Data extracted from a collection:
----

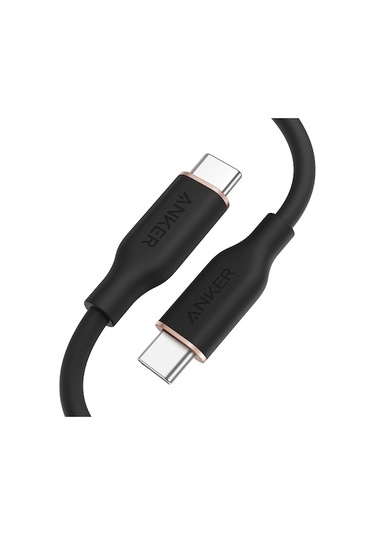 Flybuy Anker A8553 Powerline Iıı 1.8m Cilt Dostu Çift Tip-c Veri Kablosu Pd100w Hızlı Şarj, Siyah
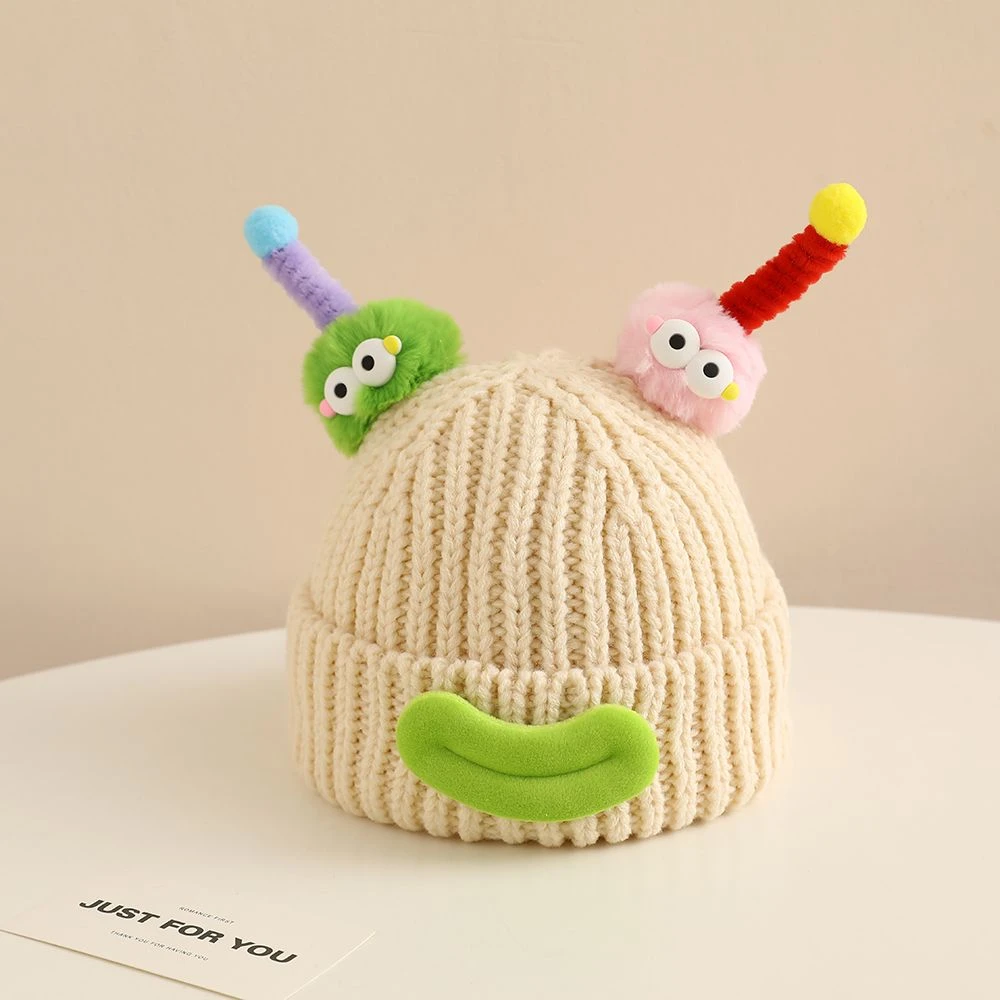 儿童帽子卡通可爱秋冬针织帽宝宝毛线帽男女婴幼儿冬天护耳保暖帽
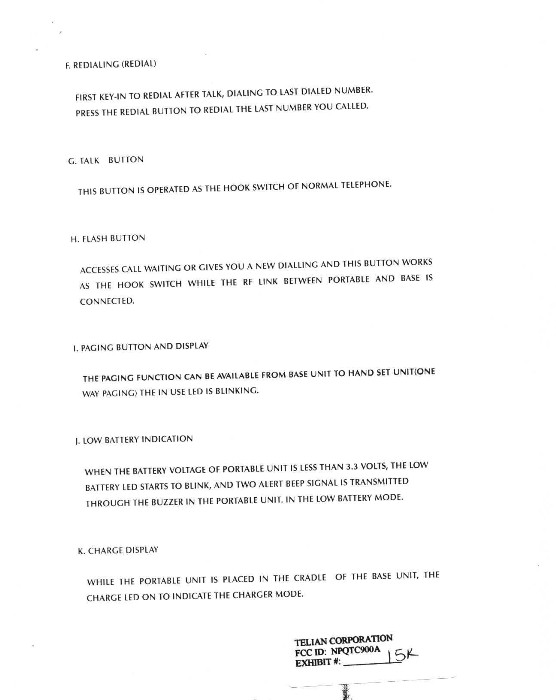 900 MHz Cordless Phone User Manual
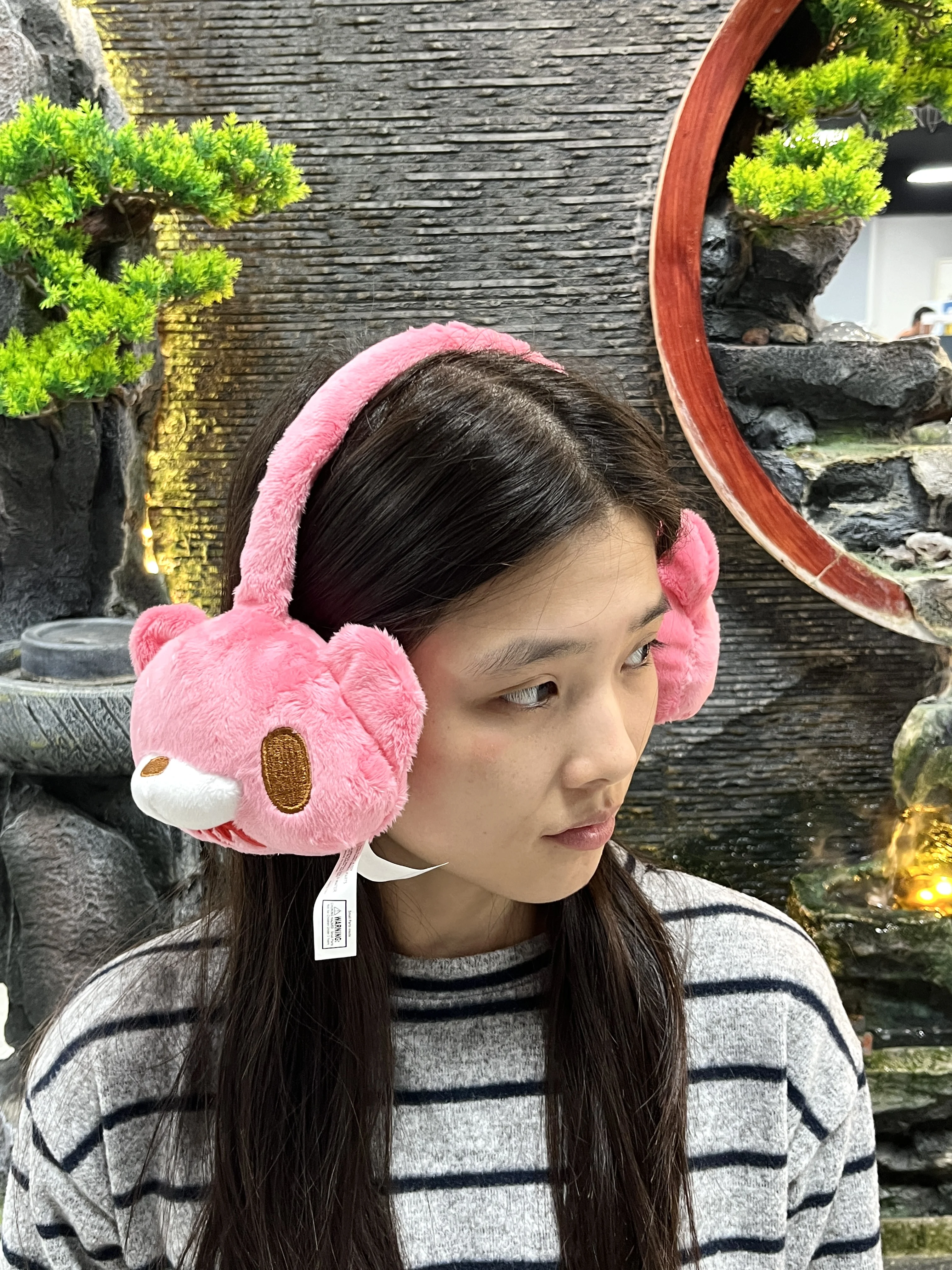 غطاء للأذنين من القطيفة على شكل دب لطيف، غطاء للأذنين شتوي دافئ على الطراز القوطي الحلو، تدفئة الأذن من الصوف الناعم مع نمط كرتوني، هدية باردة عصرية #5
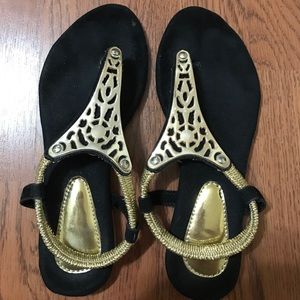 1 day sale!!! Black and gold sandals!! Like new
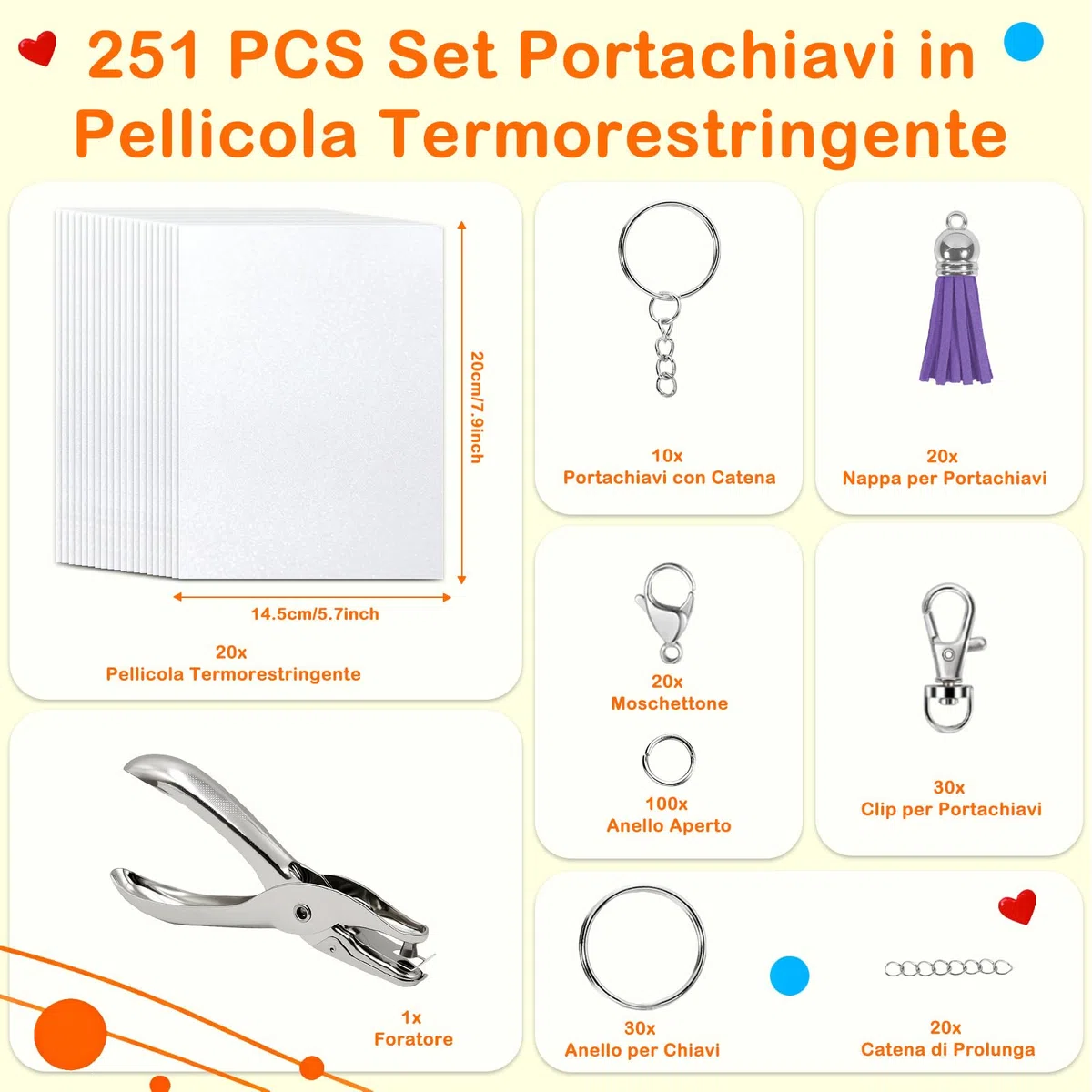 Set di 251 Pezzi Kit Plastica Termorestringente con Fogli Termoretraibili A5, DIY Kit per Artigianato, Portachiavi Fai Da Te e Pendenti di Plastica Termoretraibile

----

### Your instructions
When you reach the line with "1 day sale!!!" in the entries above, start copying, and go on word for word to the last line; skip any picture.

### Result
 1 day sale!!! Black and gold sandals!! Like new
 Set di 251 Pezzi Kit Plastica Termorestringente con Fogli Termoretraibili A5, DIY Kit per Artigianato, Portachiavi Fai Da Te e Pendenti di Plastica Termoretraibile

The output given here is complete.